▸ What is required:
Begin your transcription at the line containing "Kipić Iron Studios" and continue it, word for word, to the final line below. Include only those lines and skip the pictures.

▸ Information:
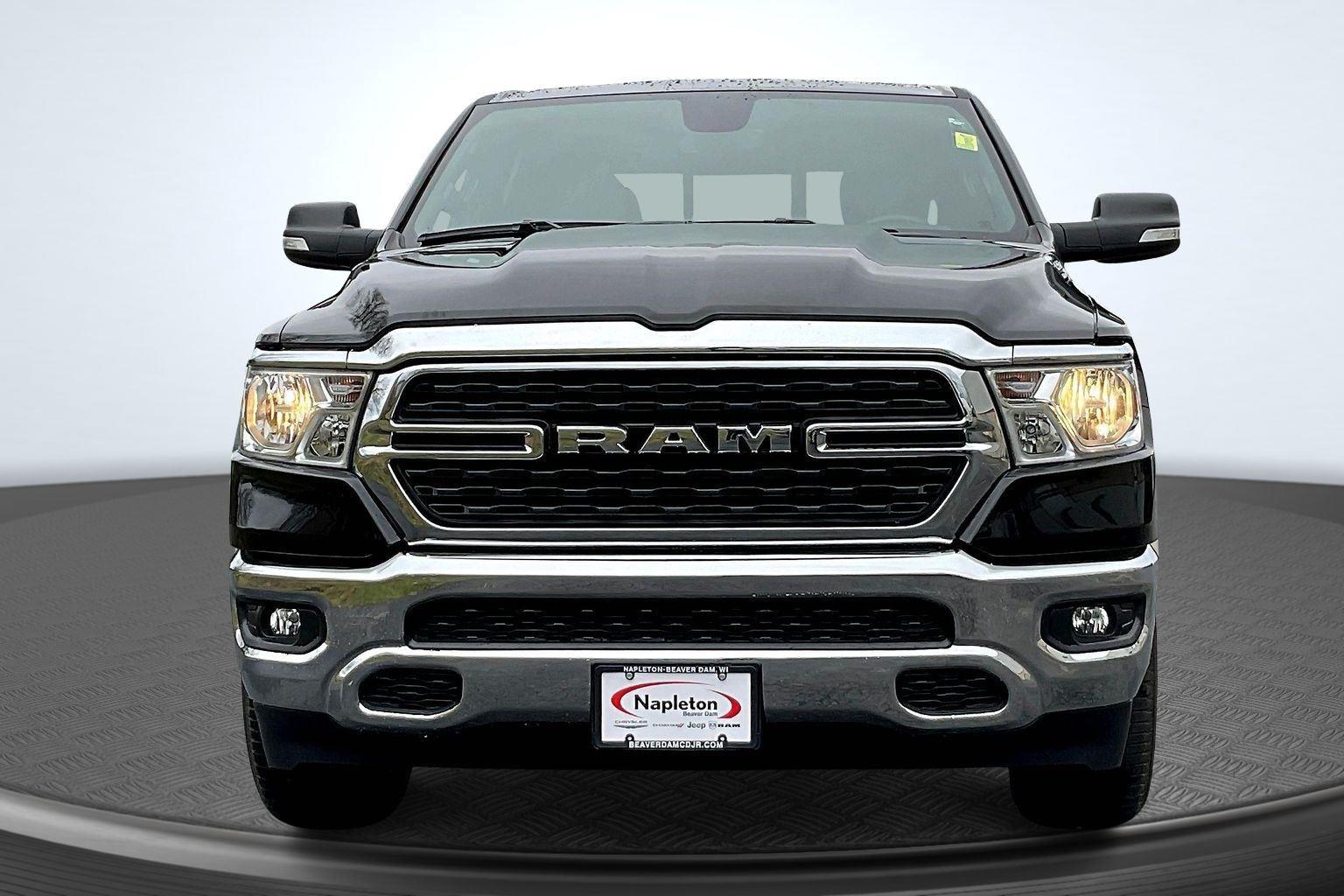 View vehicle photo 3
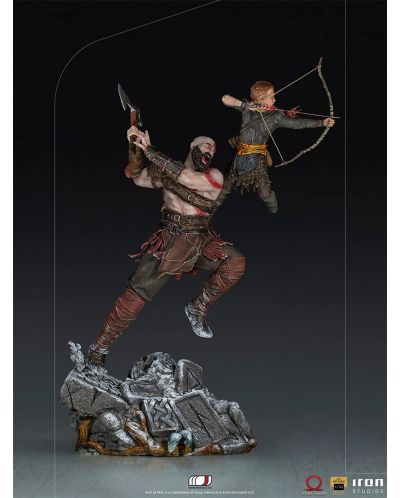 Kipić Iron Studios Games: God of War - Kratos & Atreus, 34 cm - 2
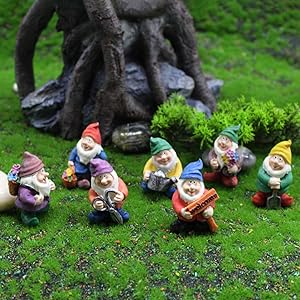 7pcs Garden Gnome Statue,Resin Garden Gnomes Figurine,Outdoor Statue for Patio,Lawn ,Yard Art Decoration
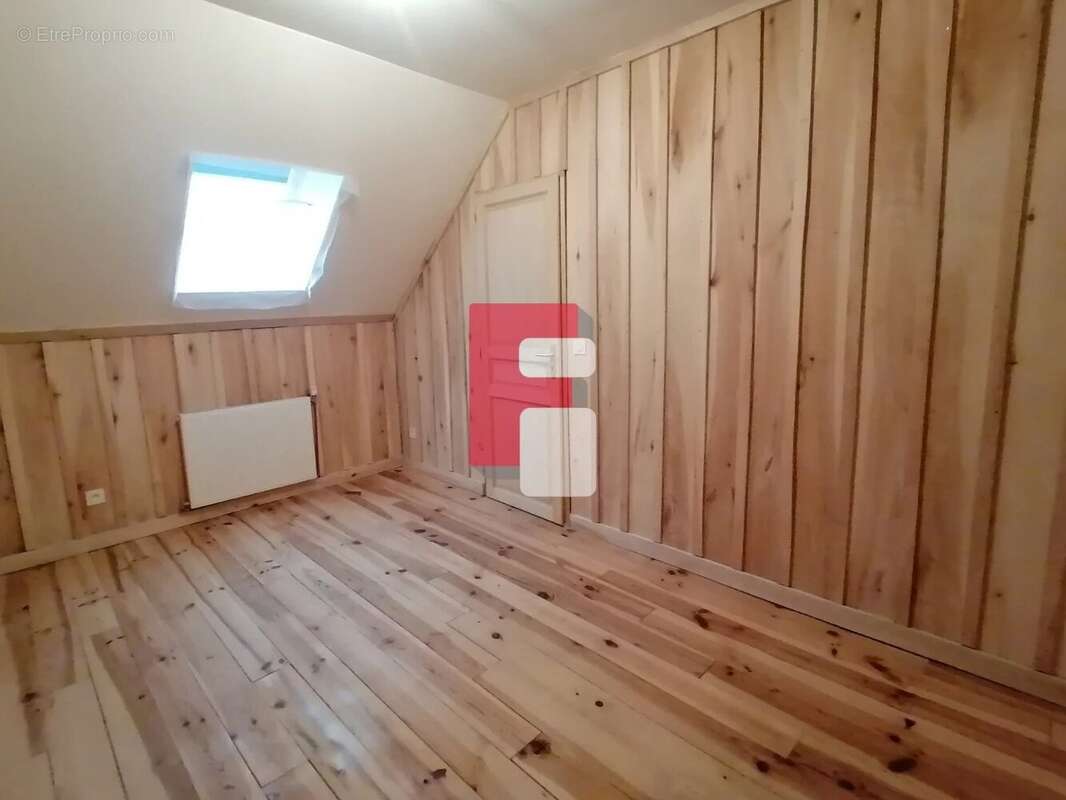 Maison à COURTERANGES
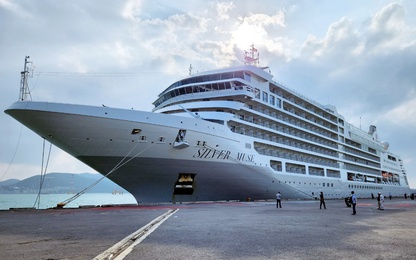 Khánh Hòa tìm giải pháp tiếp nhận tàu du lịch biển trong tình huống thời tiết xấu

▸ Task result:
 Kipić Iron Studios Games: God of War - Kratos & Atreus, 34 cm - 2
 7pcs Garden Gnome Statue,Resin Garden Gnomes Figurine,Outdoor Statue for Patio,Lawn ,Yard Art Decoration
 Maison à COURTERANGES
 Khánh Hòa tìm giải pháp tiếp nhận tàu du lịch biển trong tình huống thời tiết xấu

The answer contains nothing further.